McDonald’s is to sell its Russian business, two months after temporarily closing its restaurants in the country as part of the exodus of western companies in response to the invasion of Ukraine.
The fast-food chain, which operated 850 restaurants in Russia and employed 62,000 people, said on Monday that remaining in the country was not “consistent with McDonald’s values” following President Vladimir Putin’s invasion.
“The humanitarian crisis caused by the war in Ukraine, and the precipitating unpredictable operating environment, have led McDonald’s to conclude that continued ownership of the business in Russia is no longer tenable,” McDonald’s said in a statement.
The Chicago-based company said it expected to book a non-cash charge of $1.2bn to $1.4bn after the first exit from a major market in its history.
It said on Monday that it wanted a local buyer to hire its employees, but that its restaurants in the country would no longer carry the McDonald’s name or serve its menu.
“The Golden Arches [logo] will shine no more in Russia,” chief executive Chris Kempczinski said in a note to employees.
The company had told analysts late last month that it was spending about $55mn a month to continue paying rent and wages while its operations in Russia were suspended.
The group is one of hundreds of multinationals that suspended operations in Russia in the early days of the war.

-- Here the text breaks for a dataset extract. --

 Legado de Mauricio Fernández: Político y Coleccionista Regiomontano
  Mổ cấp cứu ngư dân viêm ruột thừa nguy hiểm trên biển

At the time, it had “held out hope for peace to soon return to the region”, Kempczinski told employees on Monday.
The Russian branch of McDonald’s plans to relaunch in June under a new brand once a deal to sell the company is completed, according to a person familiar with the matter.
McDonald’s Russian management will remain unchanged, as will the restaurants’ menu — which has included local specialities such as bliny and a Beef à la Russe burger on a black bread bun — and network of local suppliers, the person said.
The decision would allow the company to save “tens of thousands” of corporate jobs, stop its suppliers from going out of business and permit franchisees, who operate over 100 of McDonald’s Russian restaurants, to join the brand, they added.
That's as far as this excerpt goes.